Die deutsche Identität wird von rechts, aber auch von neoliberalen kapitalistischen Kräften, häufig mit Themen verknüpft, die sich nicht so gut mit dem Klimaschutz vereinen lassen. Fleisch essen, ist beispielsweise ein großer Teil unserer Identität. Oder Verbrennermotoren. Aber auch Flugreisen wollen wir uns von “den Grünen” nicht wegnehmen lassen. Genau das ist mittlerweile auch identitätsstiftend: gemeinsam gegen “die Grünen” zu sein.
Wie hat sich die Debatte zum Klimawandel in den Medien verändert?
Desinformation hat sich in den vergangenen Jahren stark gewandelt. Klimawandelleugnung ist aber nicht mehr das größte Problem. Jetzt geht es häufig darum, dass der Klimawandel heruntergespielt wird – und darauf zahlt dann auch wieder eine mediale Darstellung ein, die einen planetaren Notzustand mit Sommerbildern illustriert.
Vor allem Lobbygruppen führen einen sogenannten ‘Discourse of Delay’. Sie akzeptieren mittlerweile also, dass der Klimawandel existiert, rechtfertigen aber ihr Nichthandeln oder kleinteilige Maßnahmen.
Von “Klimafakten (S'ouvre dans une nouvelle fenêtre)” gibt es ein gutes Poster, das zeigt, wie solche Scheinargumente und andere kommunikative Kniffe funktionieren. Damit kann man sich jede Talkshow ansehen und Bullshit-Bingo spielen. Nicht nur politische Gäste, sondern auch Journalist:innen übernehmen solche Narrative einfach als Argumente – obwohl es unser Job wäre, genau das einzuordnen.
Bei einem Triell vor der letzten Bundestagswahl beispielsweise stiegen die Moderator:innen mit der Aussage ein, dass Klimaschutz ja ganz schön teuer werde. Die Journalist:innen übernahmen hier ein Verzögerungs-Argument. Denn was wirklich teuer wird, ist “kein Klimaschutz”.

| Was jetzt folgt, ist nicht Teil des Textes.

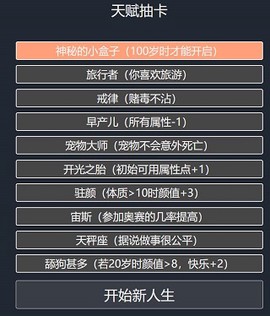 人生重开模拟[图5]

Wie sollten Journalist:innen über die Klimakrise berichten, ohne rechte Narrative zu stützen?
Mein Wunsch an Journalist:innen ist: Klimakrise immer mitdenken, Ereignisse kontextualisieren, achtsam bei Bild- und Interviewpartner:innenauswahl sein und politische Narrative einordnen, anstatt sie als legitime Argumente stehen zu lassen.